That is what we have in this Test. England may have chosen Mark Wood for this match if they knew just how dire the surface would be. Getting his pace on this wicket would have been interesting, especially with his lower trajectory.

But Wood has struggled on good batting decks in Edgbaston before, and also, he's not been good in England. Chances are that England thought this was their best bowling attack, and with Jofra Archer's injuries, it would be hard to argue it isn't.

Jimmy Anderson is obviously Ken Higgs, but God-tier. Higgs was seen as someone who couldn't tour much after a couple of bad Tests in Australia. Anderson's extra speed early on meant that he rose up above that position and became an all-surface bowler for them. But as great as Anderson has been, he has slowed down and his use on wickets without assistance can be lessened.

He would be even better if you matched Anderson with Jofra Archer, Pat Cummins, or Kagiso Rabada. England has none of those three available to them, meaning they're forced to take their second-best bowler. If you talk to cricket hipster nerds, they will say that it’s Ollie Robinson.

The recent gym bunny is an incredible, tall, skilful and accurate package. He's still not very fast. Despite his relative age compared to Anderson, he's still a lot slower. And despite his skill, he's still again a bowler who needs some assistance from the surface. His plan B is fairly limited.
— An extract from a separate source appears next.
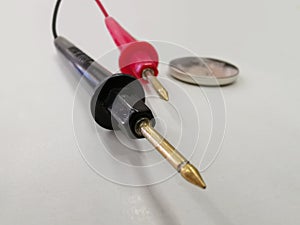 two black and red battery tester cables with a 3 volt button battery on a white table photo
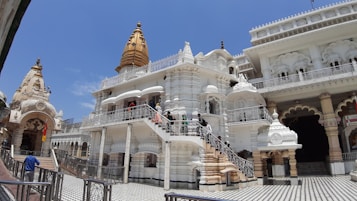 A large, intricately detailed white temple with golden domes rises against a clear blue sky. Several people are walking up the staircase leading to the temple entrance. The architecture features ornate carvings, arches, and a mixture of rounded and angular structures.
If you are a fan of big bags of wickets, then Stuart Broad might be your second-best bowler for England right now. He's tall and skilful as well. In fact, he's basically a slightly faster and marginally less accurate version of Robinson. They're really similar, which means that any time England goes into a match with their three best bowlers, it's with a glut of three right-arm medium-fast seamers, two of which are also really tall.

Obviously on this list, Anderson and Broad are one and two. At number three is Ian Botham, another skill-based bowler. But after that, you see that England have made quicker bowlers. Bob Willis was at the least fast medium, and at times fast. He wasn't someone who bowled within himself, he liked using his pace. Behind him is Fred Trueman, in some ways one of the early prototypes of modern fast bowling.

There are a couple of spinners we can overlook next before we get to a bunch of skilled guys. Brian Statham, Matthew Hoggard, Alec Bedser and Andy Caddick. Statham loved to say, "If you miss, I hit", and didn't like bouncers. Hoggard was a swing bowler, Bedser bowled cutters and Caddick relied a lot on his height. All were good; none were fast. Then you have Darren Gough, a proper quick with low arm action. When Steve Harmison got it right, he destroyed worlds with pace and bounce. His mate Freddie Flintoff could go over 90MPH. And John Snow, the speed-bowling poet.

If you're playing along at home, that's six English bowlers with 200 wickets being considered fast. And this is over the history of the game. Where they had to find blokes in mines, or occasionally phone someone up north and ask them if they owned bowling boots. Now England has this incredible system of professionalism. Keeping guys out of the County system that turns so many quicks into donkeys. The best sports science for cricket, dieticians, biomechanists, physios, body imaging software and everything else they need.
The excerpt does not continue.